A report setting out the extent of women's involvement in the decision-making tier of British society was published yesterday, providing a timely corrective to the fantasy that women have never had it so good.

In 1989, the Hansard Society, which works to encourage a more informed and participative democracy, set up a commission to investigate the "formidable" barriers that prohibit women's wider involvement in public and political life. Ten years later, the society commissioned Coventry University to determine women's progress over the past decade.

In some ways, the "verdict" depends on whether one is a "half-full" or "half-empty" kind of person. To the former, the 200 per cent increase in the number of female permanent secretaries in the civil service is a great achievement.
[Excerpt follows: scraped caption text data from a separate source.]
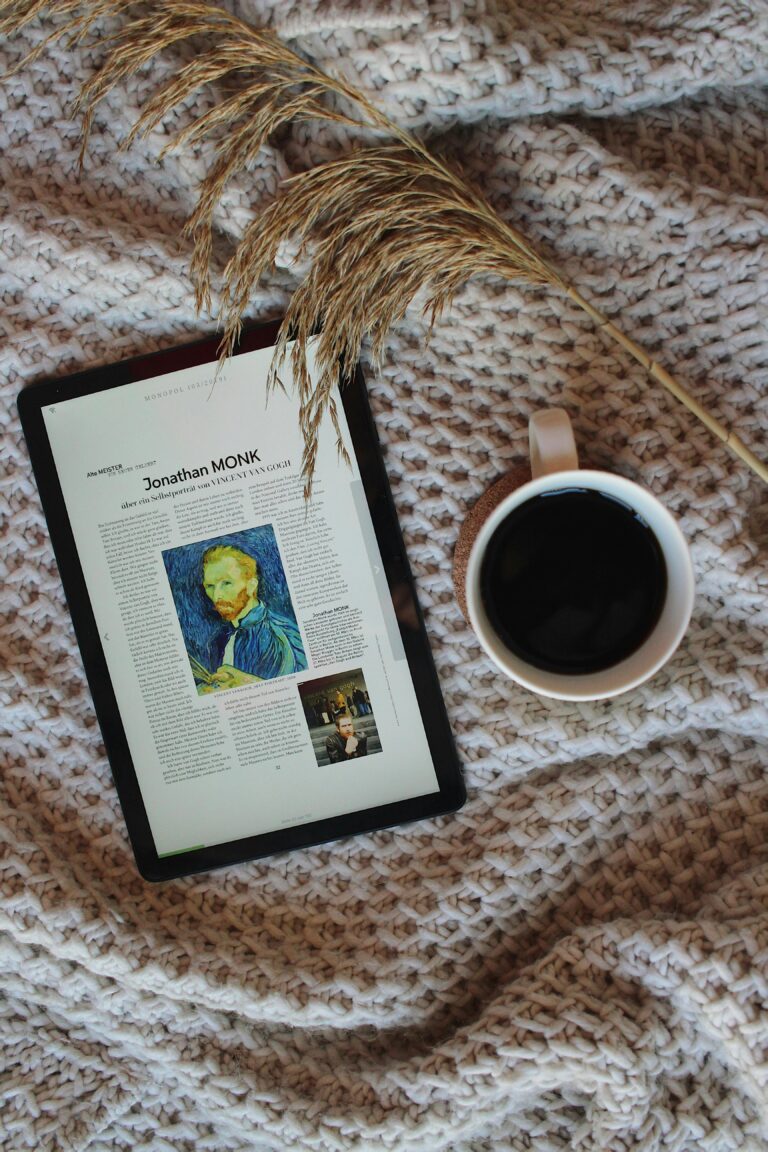 Comfortable morning setup featuring a tablet and coffee cup on a knitted blanket. Perfect for relaxation.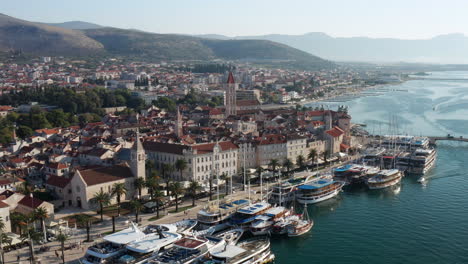 Aerial-View-Of-The-Old-Town-Of-Trogir-With-Ferry-Boats-Dock-At-The-Port-In-Adriatic-Sea,-Dalmatia,-Croatia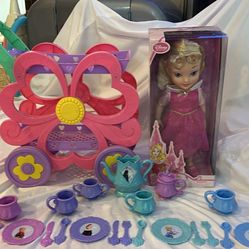 Brand new still in the box, Disney doll plus tea, cart, and accessories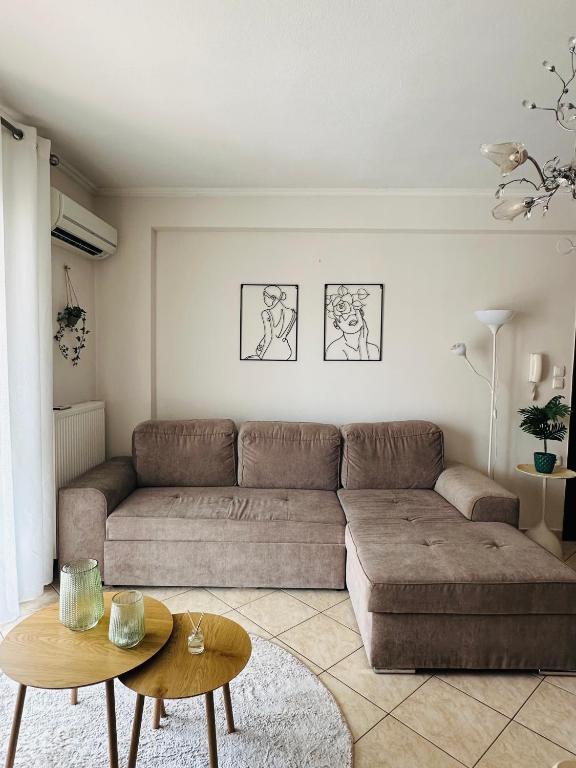 a living room with a brown couch and a table at Artemis apartment in Nea Peramos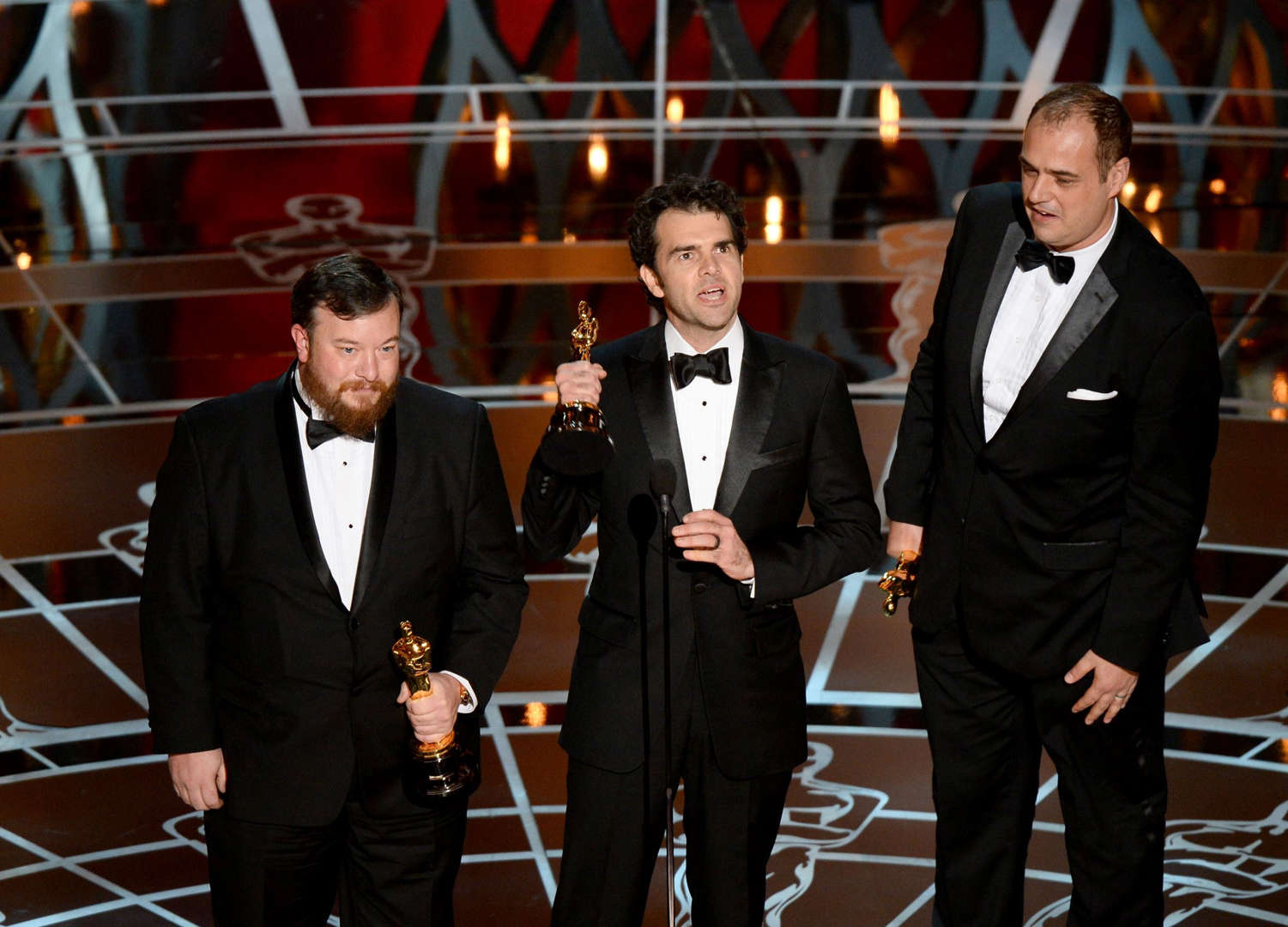 Winners for Best Sound Mixing "Whiplash" Craig Mann, Ben Wilkins and Thomas Curley give their acceptance speech on stage at the 87th Oscars February 22, 2015 in Hollywood, California. AFP PHOTO / Robyn BECK        (Photo credit should read ROBYN BECK/AFP/Getty Images)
To the "half-empty", the fact that this means a rise from one to three (out of 16) is a rather poor performance indicator, given that the service has had a programme to encourage women into senior positions since 1984.

Similarly, although it is heartening that the number of female MPs at Westminster has tripled from 41 in 1987 to 120 in 2000, why are more than four-fifths of our MPs men? If countries are judged on the proportion of female MPs, our Parliament comes in 31st in a league table of 176, below nations not usually regarded as exemplars of pro-female policies - such as Cuba, Argentina and China.

Elsewhere across the public sector, a similar "two steps forward, one step back" story emerges. Despite the earnest rhetoric of the lord chancellor and the fact that nearly equal numbers of women and men are now called to the Bar, only 9 per cent of High Court judges are women, just one sits as a lord justice and a woman has yet to become a law lord. In higher education, where all institutions proudly display their equal opportunities credentials, almost 80 per cent of senior lecturers and researchers are men and fewer than one in 10 professors is a woman.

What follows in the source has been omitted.